Arlo Davy Guthrie (born July 10, 1947) is an American folk singer-songwriter. He is known for singing songs of protest against social injustice, and storytelling while performing songs, following the tradition of his father, Woody Guthrie. Guthrie's best-known work is his debut piece, "Alice's Restaurant Massacree", a satirical talking blues song about 18 minutes in length that has since become a Thanksgiving anthem. His only top-40 hit was a cover of Steve Goodman's "City of New Orleans". His song "Massachusetts" was named the official folk song of the state, in which he has lived most of his adult life. Guthrie has also made several acting appearances. He is the father of four children, who have also had careers as musicians.

Early life

Guthrie was born in the Coney Island neighborhood of Brooklyn, the son of the folk singer and composer Woody Guthrie and dancer Marjorie Mazia Guthrie. He is the fifth, and oldest surviving, of Woody Guthrie's eight children; two older half-sisters died of Huntington's disease (of which Woody also died in 1967), an older half-brother died in a train accident, another half sister died in a car accident, and a fourth sister died in childhood. His sister is the record producer Nora Guthrie. His mother was a professional dancer with the Martha Graham Company and founder of what is now the Huntington's Disease Society of America. Arlo's father was from a Baptist family of English and Scottish descent; and his mother was Jewish, the daughter of immigrants from Ukraine. His maternal grandmother was Yiddish poet Aliza Greenblatt, and country/western singer Jack Guthrie, who died when Arlo was an infant, was Arlo's cousin once removed.

Guthrie received religious training for his bar mitzvah from Rabbi Meir Kahane, who formed the Jewish Defense League. "Rabbi Kahane was a really nice, patient teacher," Guthrie later recalled, "but shortly after he started giving me my lessons, he started going haywire. Maybe I was responsible." Guthrie converted to Catholicism in 1977, before embracing interfaith beliefs later in his life. "I firmly believe that different religious traditions can reside in one person, or one nation or even one world," Guthrie said in 2015. In 2020, following his retirement, Guthrie expressed a philosophical affinity for gospel music, noting: "Gospel music to me is the biggest genre of protest music. If this world ain’t doing it for you, and your hopes are in the next one – you can't get more protest than that."

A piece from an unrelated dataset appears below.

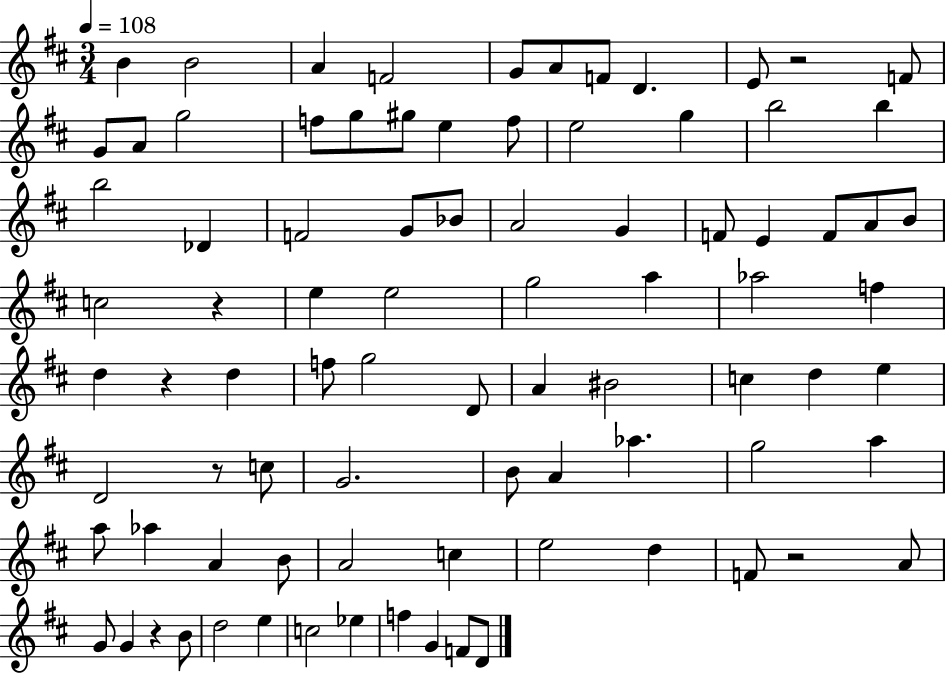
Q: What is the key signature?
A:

Guthrie attended Woodward School in Clinton Hill, Brooklyn, from first through eighth grades and later graduated from the Stockbridge School, in Stockbridge, Massachusetts, in 1965. He spent the summer of 1965 in London, eventually meeting Karl Dallas, who connected Guthrie with London's folk rock scene and became a lifelong friend of his. He briefly attended Rocky Mountain College, in Billings, Montana. He received an honorary doctorate from Siena College in 1981 and from Westfield State College in 2008.

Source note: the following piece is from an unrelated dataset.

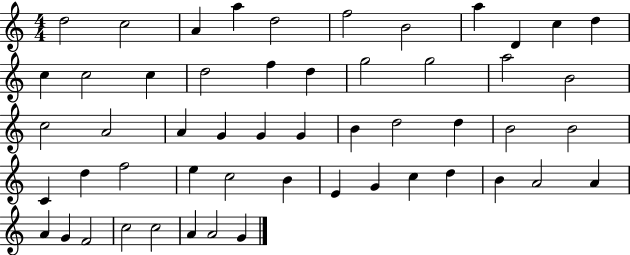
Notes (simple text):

D5/h C5/h A4/q A5/q D5/h F5/h B4/h A5/q D4/q C5/q D5/q C5/q C5/h C5/q D5/h F5/q D5/q G5/h G5/h A5/h B4/h C5/h A4/h A4/q G4/q G4/q G4/q B4/q D5/h D5/q B4/h B4/h C4/q D5/q F5/h E5/q C5/h B4/q E4/q G4/q C5/q D5/q B4/q A4/h A4/q A4/q G4/q F4/h C5/h C5/h A4/q A4/h G4/q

As a singer, songwriter and lifelong political activist, Guthrie carries on the legacy of his father. He was awarded the Peace Abbey Courage of Conscience award on September 26, 1992.

"Alice's Restaurant"

Guthrie performing during his 2005 Alice's Restaurant Massacree 40th Anniversary tour

On November 26, 1965, while in Stockbridge, Massachusetts, during Thanksgiving break from his brief stint in college, 18-year-old Guthrie and his friend, Richard Robbins, were arrested for illegally dumping on private property what Guthrie described as "a half-ton of garbage" from the home of his friends, teachers Ray and Alice Brock, after he discovered that the local landfill was closed for the holiday. Guthrie and Robbins appeared in court, pled guilty to the charges, were levied a nominal fine and picked up the garbage that weekend.

This littering charge served as the basis for Guthrie's most famous work, "Alice's Restaurant Massacree", a talking blues song that runs 18 minutes and 34 seconds in its original recorded version. In 1997, Guthrie jokingly pointed out that this was also the exact length of one of the infamous gaps in President Richard Nixon's Watergate tapes, and that Nixon owned a copy of the record. The Alice in the song is Alice Brock, who had been a librarian at Arlo's boarding school in the town before opening her restaurant. She later opened an art studio in Provincetown, Massachusetts.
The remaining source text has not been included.